**RECORD SET**
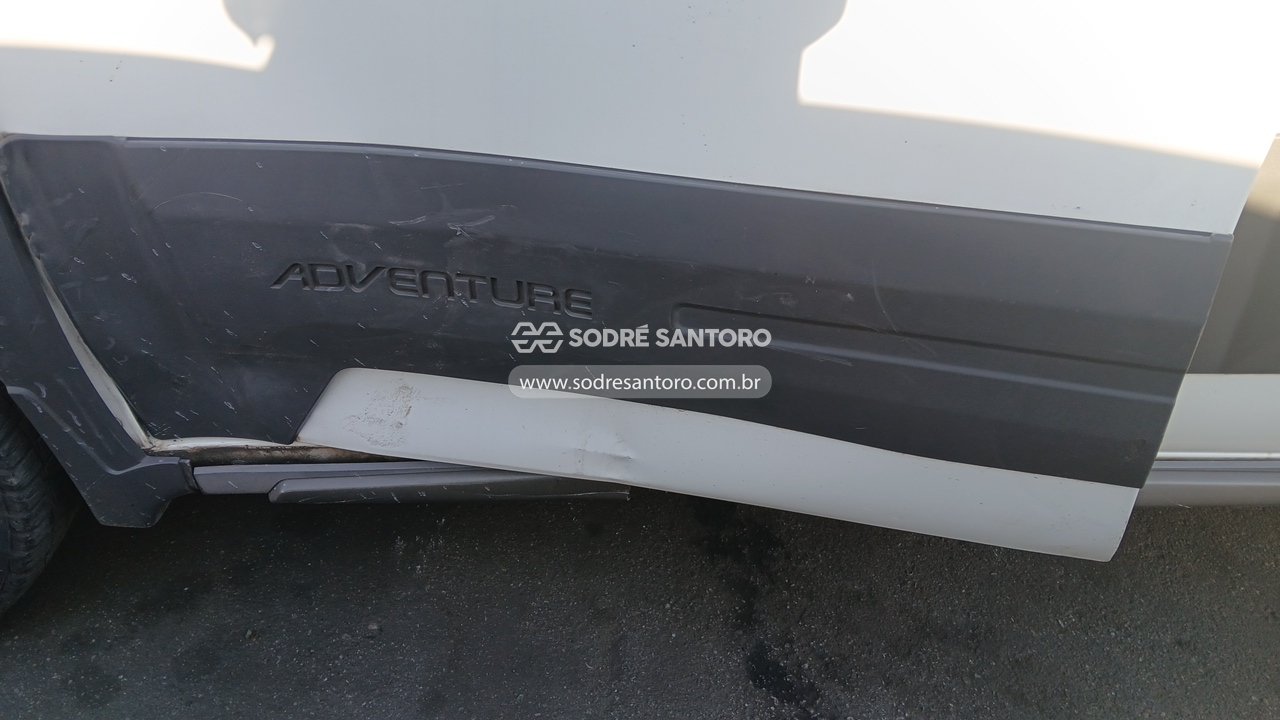 Fiat Idea Adventure 1.8 - 2013/2014 — foto 11 de 13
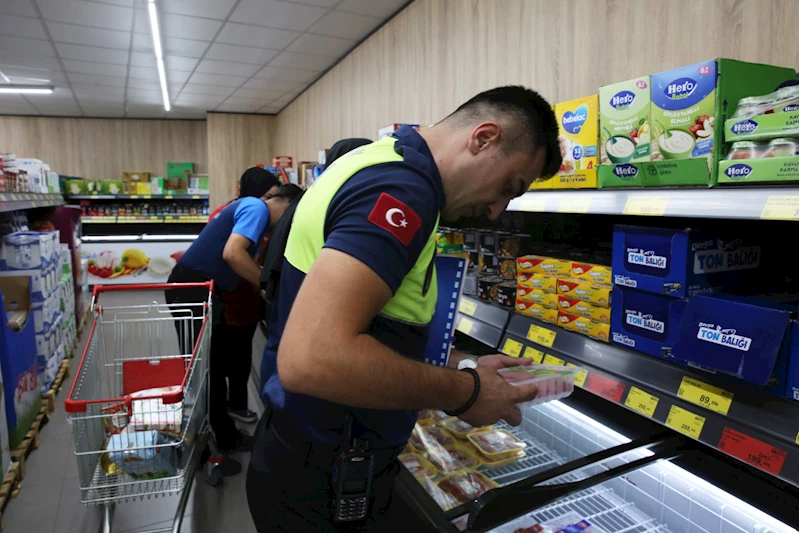 Zabıta ekiplerinden marketlere sıkı denetim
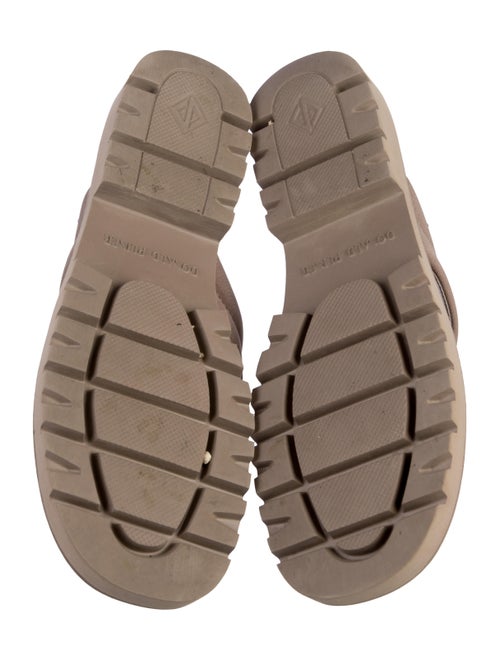 Donald Pliner Slides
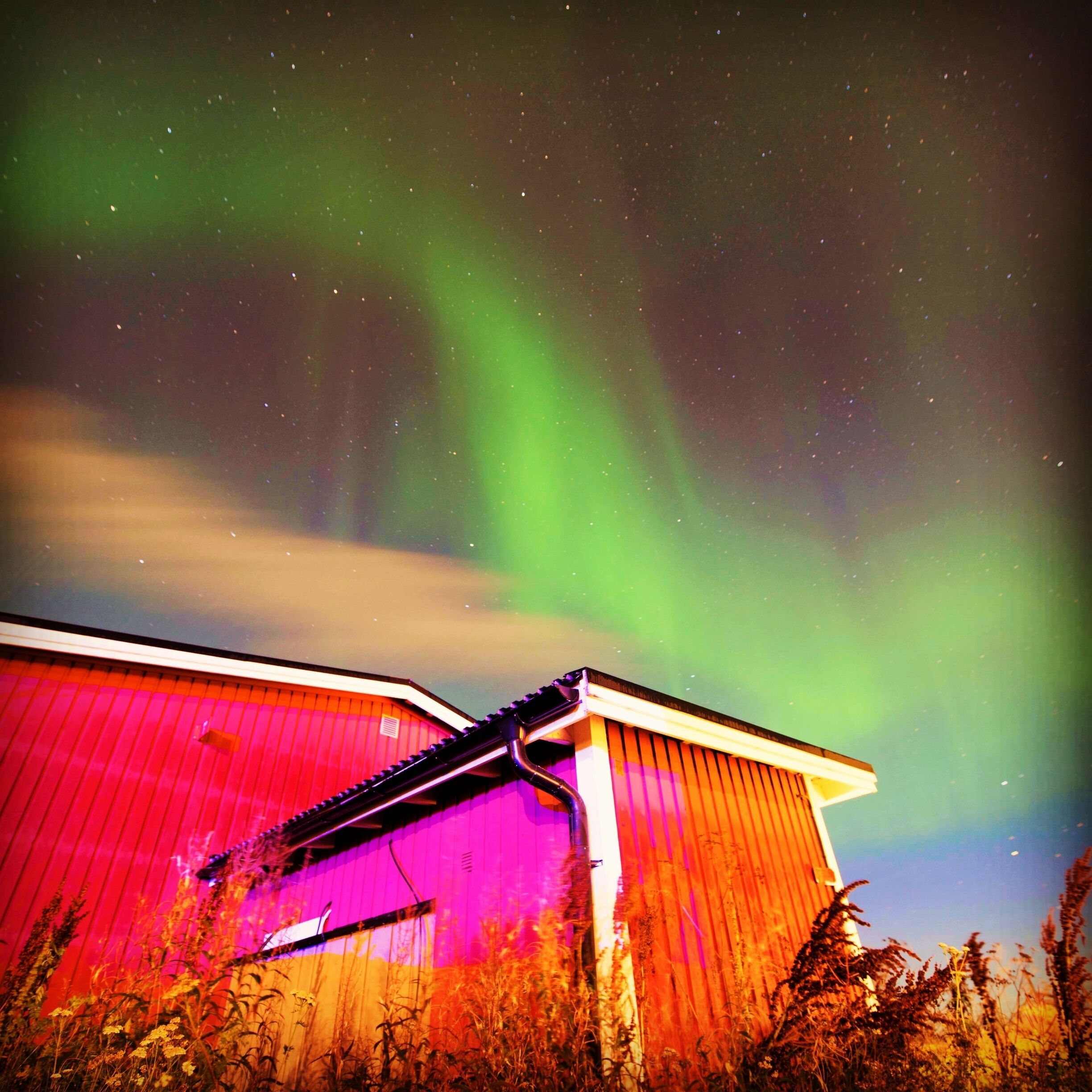 Love seeing the places that we normally visit in the winter in their "snow free" state. Bonus Northern Lights show too!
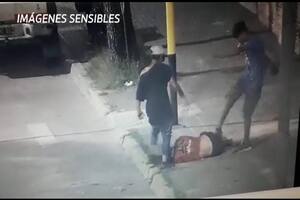Video. Violento ataque de dos adolescentes a un malabarista en Pergamino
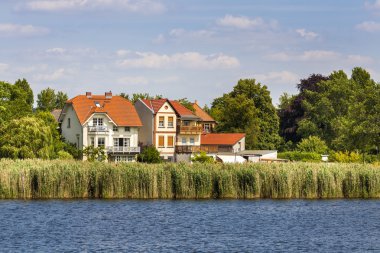 Göl ve nehir Almanya'da yaşayan ve konut evler  
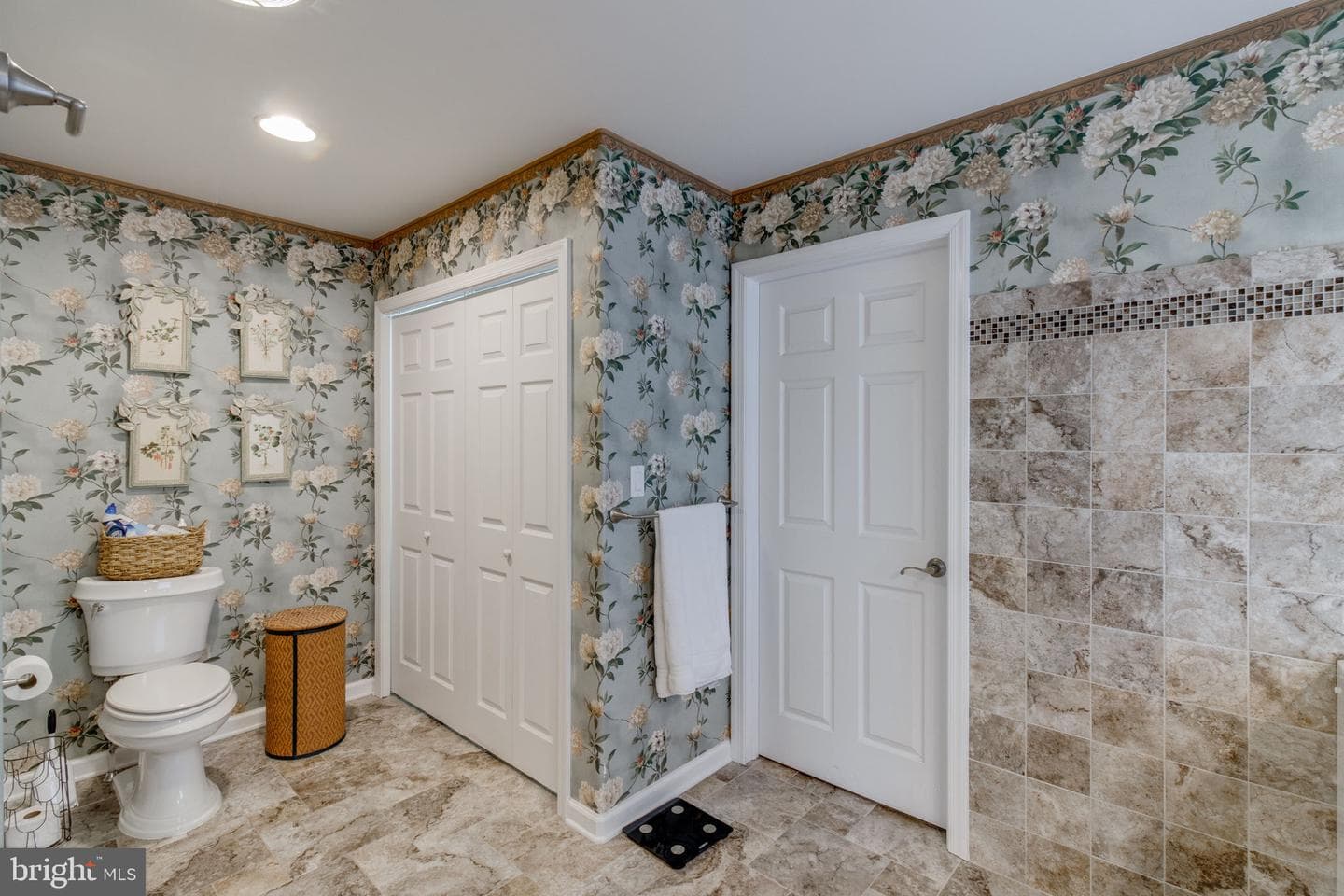 1304 Willow Creek Drive photo 15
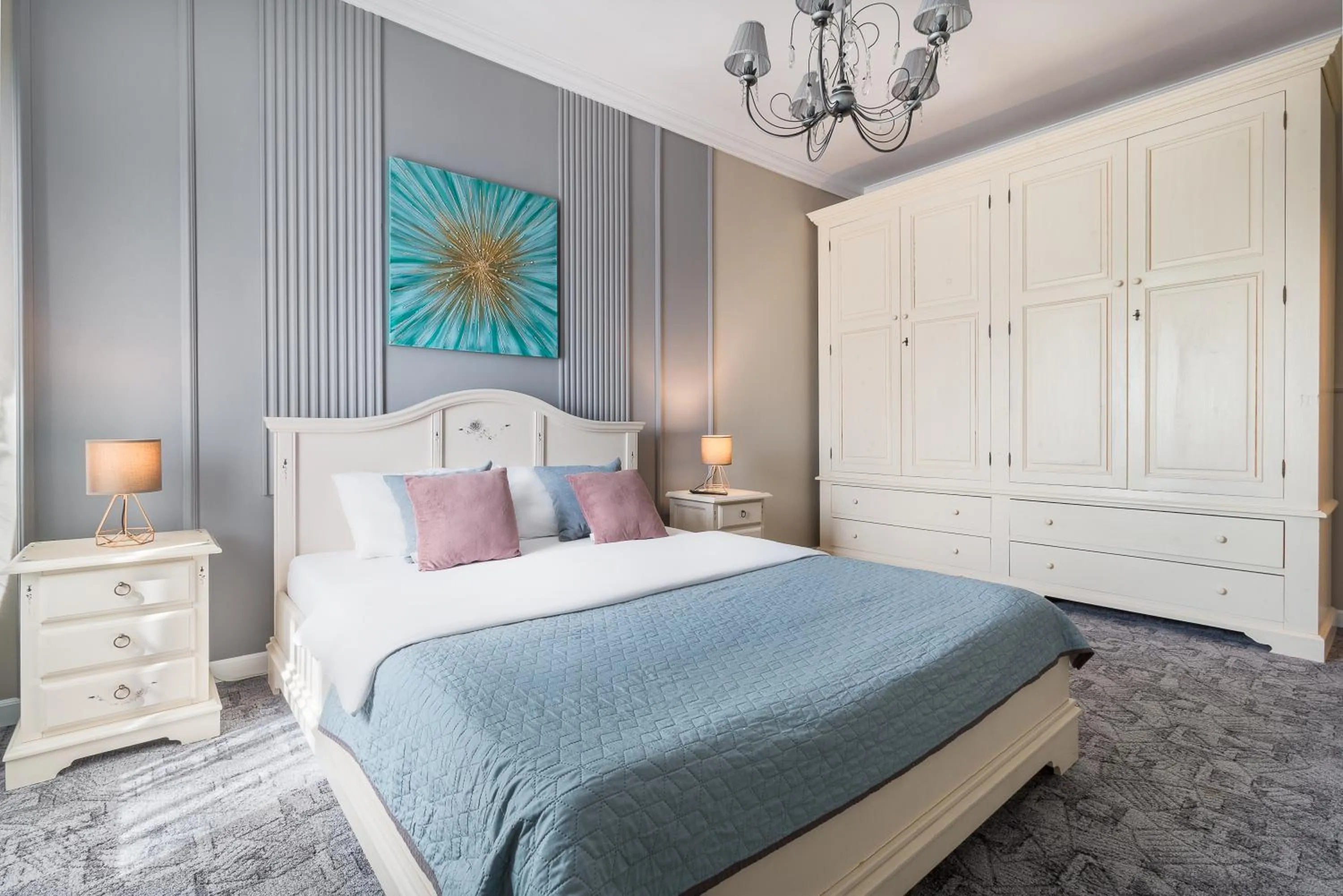 Bed in Moonlight Central Apartments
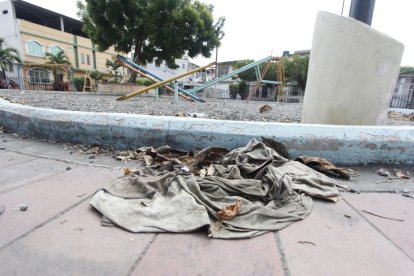 Toda clase de basura y ropa vieja se halló durante el recorrido de EXTRA.
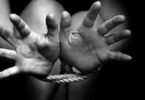 SOMA HII: Majambazi Wajisalimisha Kituo Cha Polisi Baada Ya Kuteka Nyara Watoto Wawili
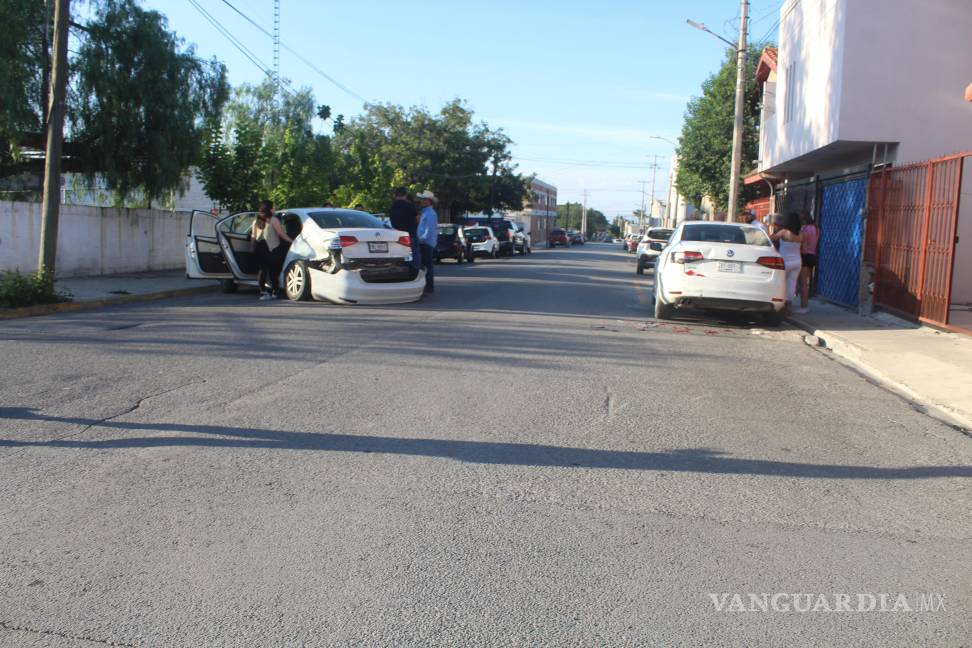 Saltillo: Accidente en la colonia Topochico deja dos jóvenes lesionados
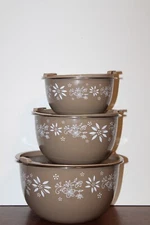 Temp-tations Classic Stainless Steel Bowls with Lids- Set of 3 Brown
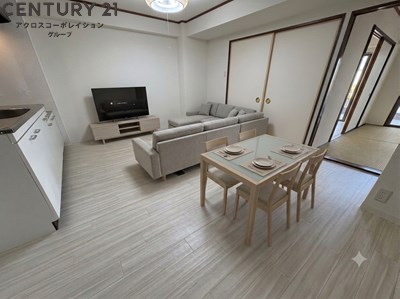 居室・リビング　画像中の家具はAIにより配置加工しているため、付属しません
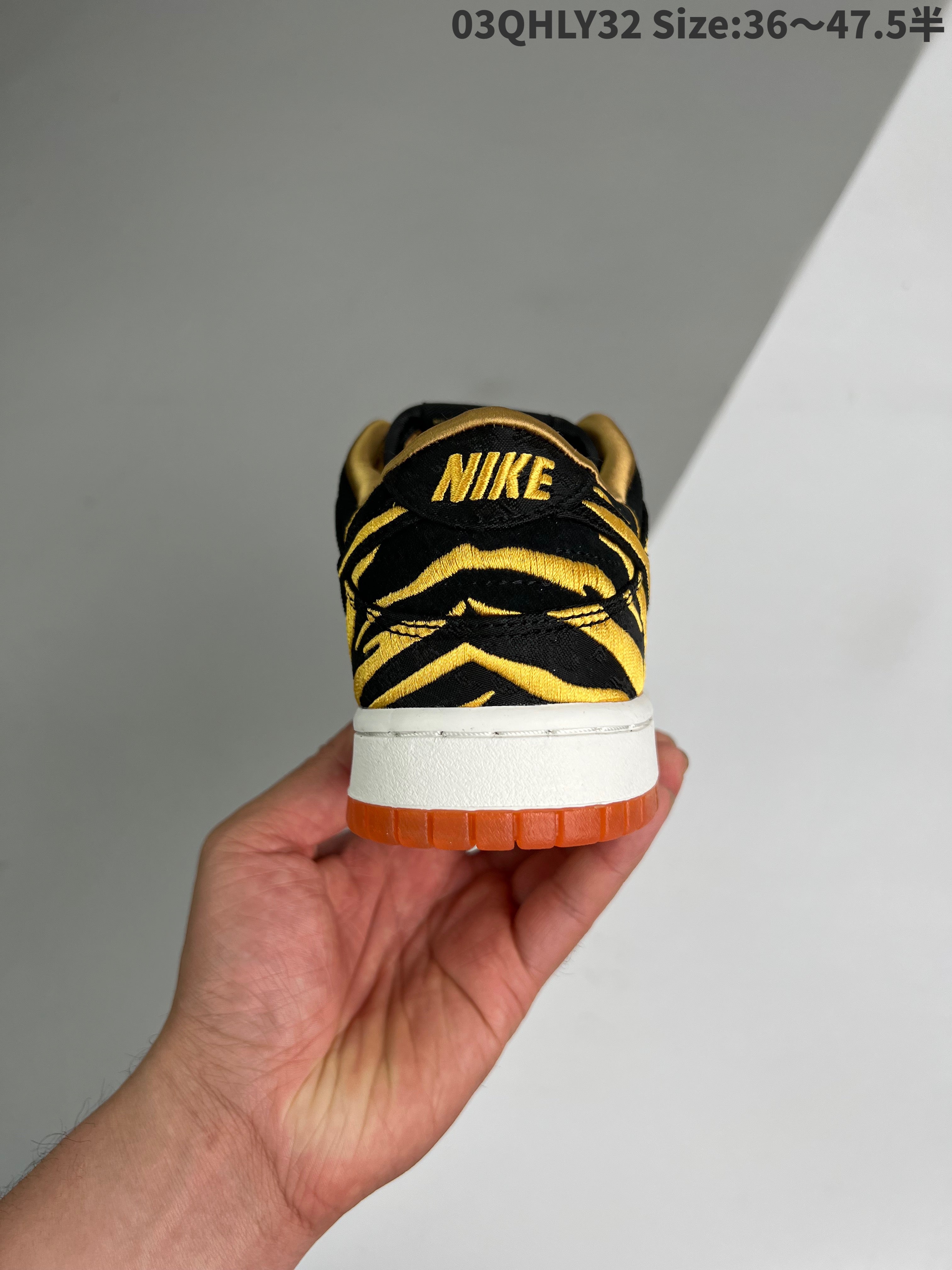 Dunk Low Year Of The Tiger Cny Sb 36-47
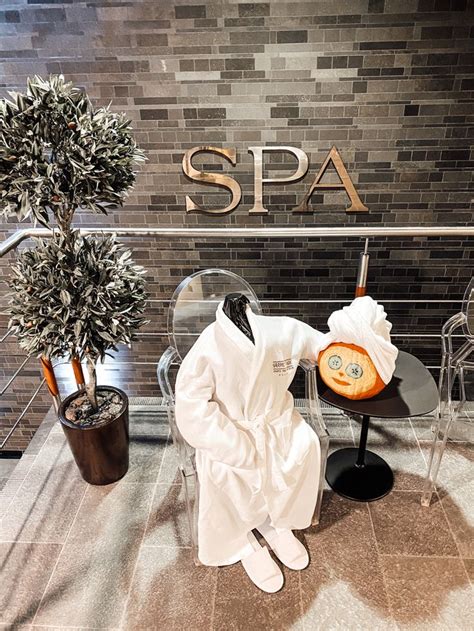 Creating the Ultimate Halloween Spa Experience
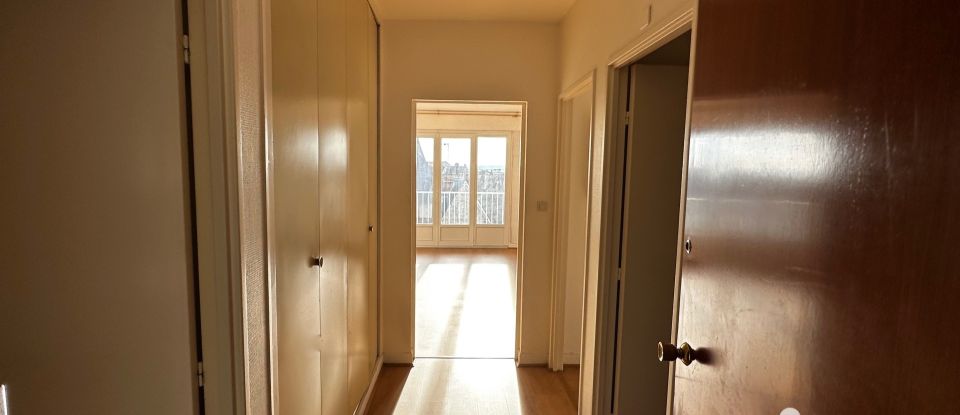 Apartment 2 rooms of 61 m² in Troyes (10000)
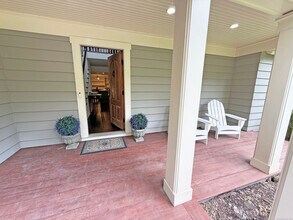 115 Godfrey Rd E in Weston, CT - Building Photo - Building Photo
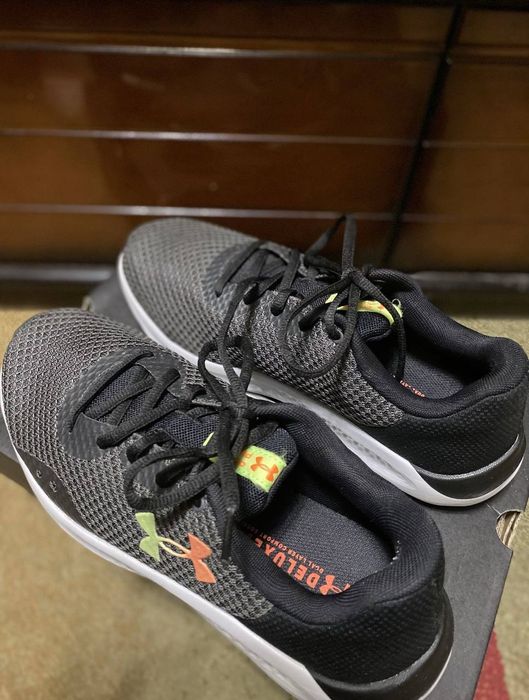 Кросівки снікери Under Armour Charged Pursuit 3 4E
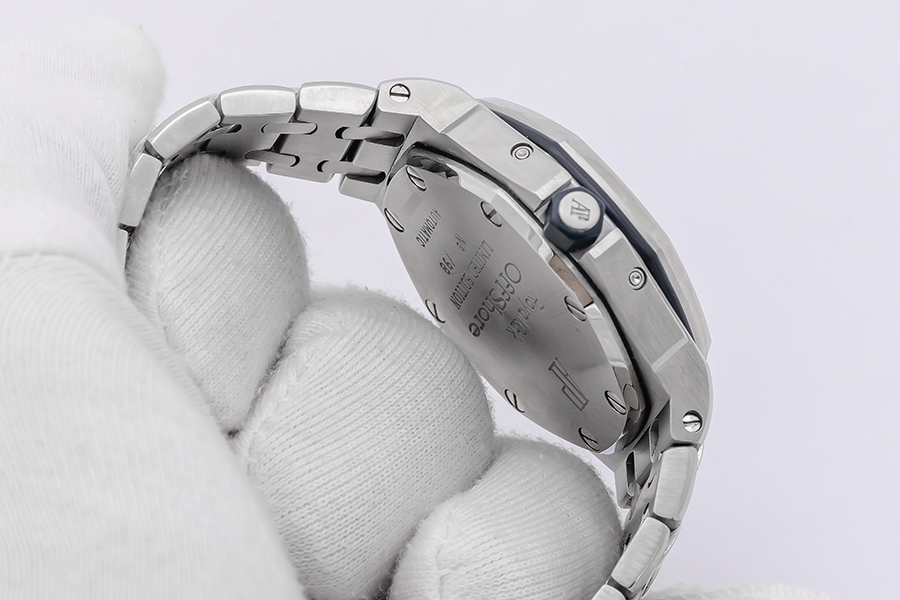 Ineichen Auctioneers - Royal Oak Offshore 'Nagano' Triple Calendar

**PROBLEM**
Out of the records above, return only the lines from the one with "Zabıta ekiplerinden marketlere sıkı denetim" through the one with "SOMA HII: Majambazi", exactly, and none of the pictures.

**RESPONSE AREA**
 Zabıta ekiplerinden marketlere sıkı denetim
 Donald Pliner Slides
 Love seeing the places that we normally visit in the winter in their "snow free" state. Bonus Northern Lights show too!
Video. Violento ataque de dos adolescentes a un malabarista en Pergamino
 Göl ve nehir Almanya'da yaşayan ve konut evler  
 1304 Willow Creek Drive photo 15
 Bed in Moonlight Central Apartments
 Toda clase de basura y ropa vieja se halló durante el recorrido de EXTRA.
 SOMA HII: Majambazi Wajisalimisha Kituo Cha Polisi Baada Ya Kuteka Nyara Watoto Wawili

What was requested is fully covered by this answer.